**Activity**
Instruction for the entries below: return the part that opens with the line containing "Brondi cellulare fox azzurro dual sim" and closes with the line containing "My Stepmothers Friends Chapter 55 - Page 15", exactly, and no pictures.

Record excerpts Block Start

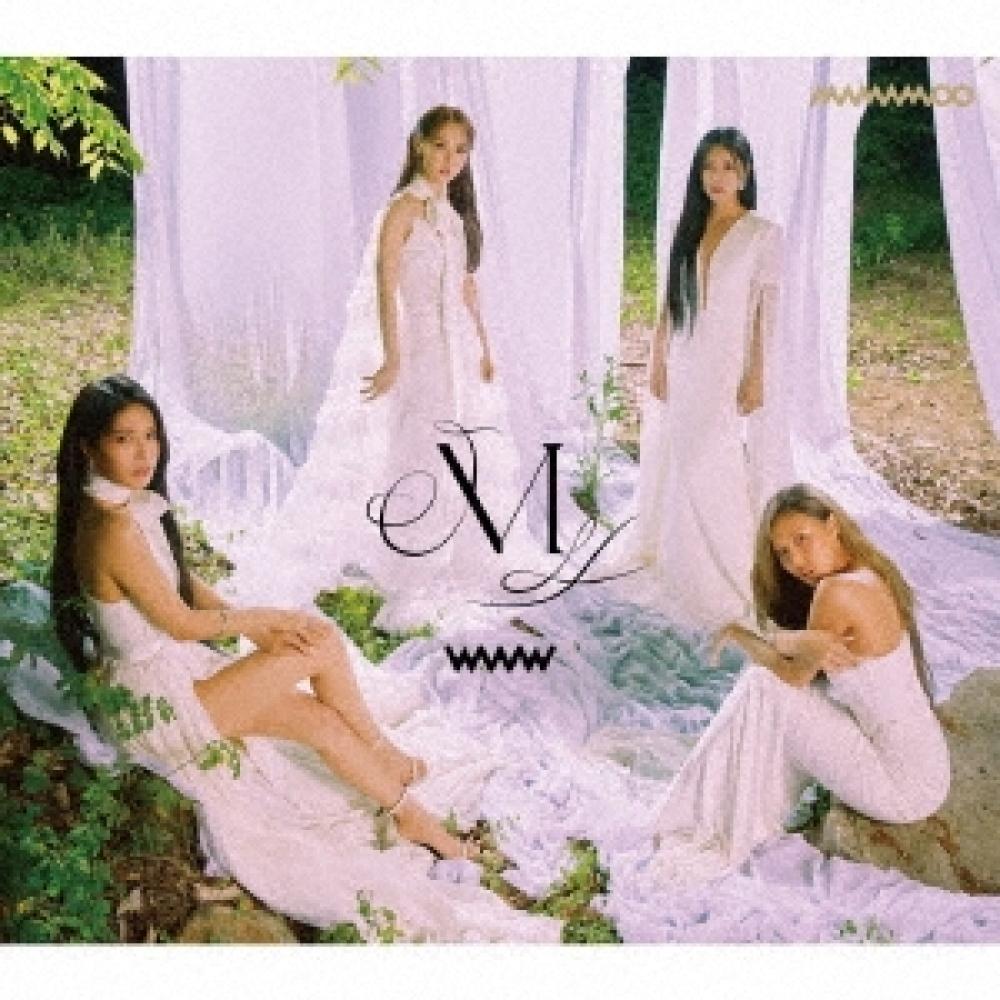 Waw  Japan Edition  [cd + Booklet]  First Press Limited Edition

Record excerpts Block End
Record excerpts Block Start

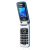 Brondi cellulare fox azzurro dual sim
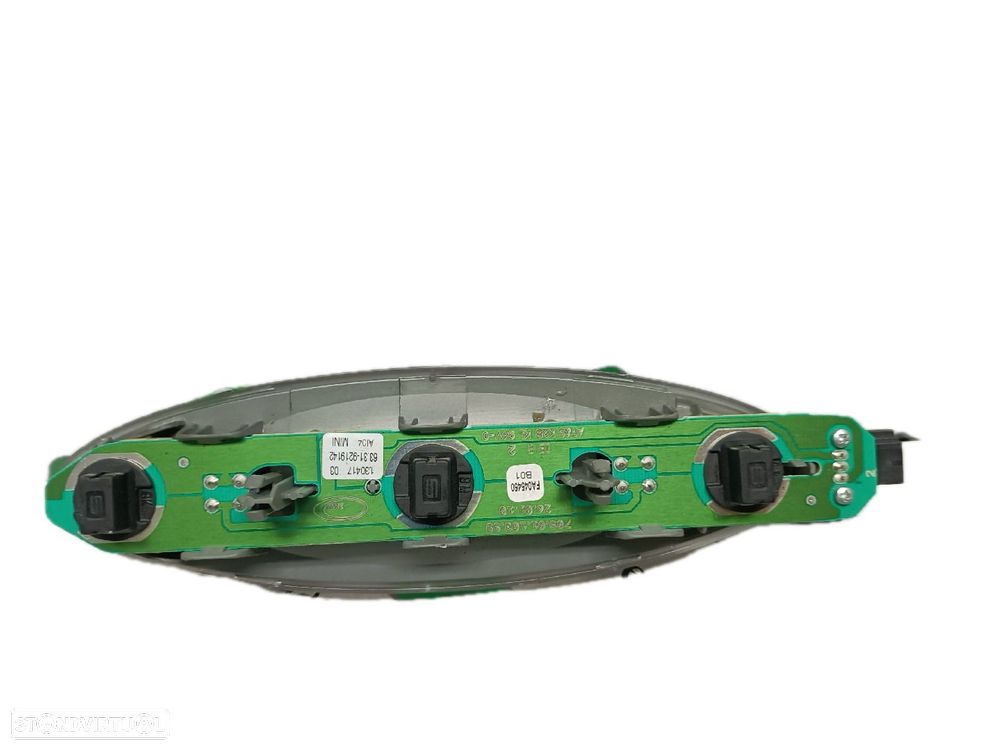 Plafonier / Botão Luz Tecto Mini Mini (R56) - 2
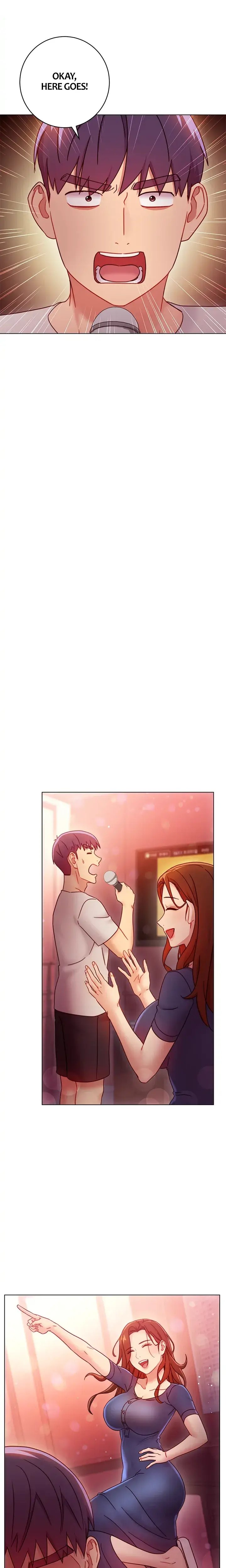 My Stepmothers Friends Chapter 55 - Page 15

Record excerpts Block End

**Written reply**
 Brondi cellulare fox azzurro dual sim
 Plafonier / Botão Luz Tecto Mini Mini (R56) - 2
 My Stepmothers Friends Chapter 55 - Page 15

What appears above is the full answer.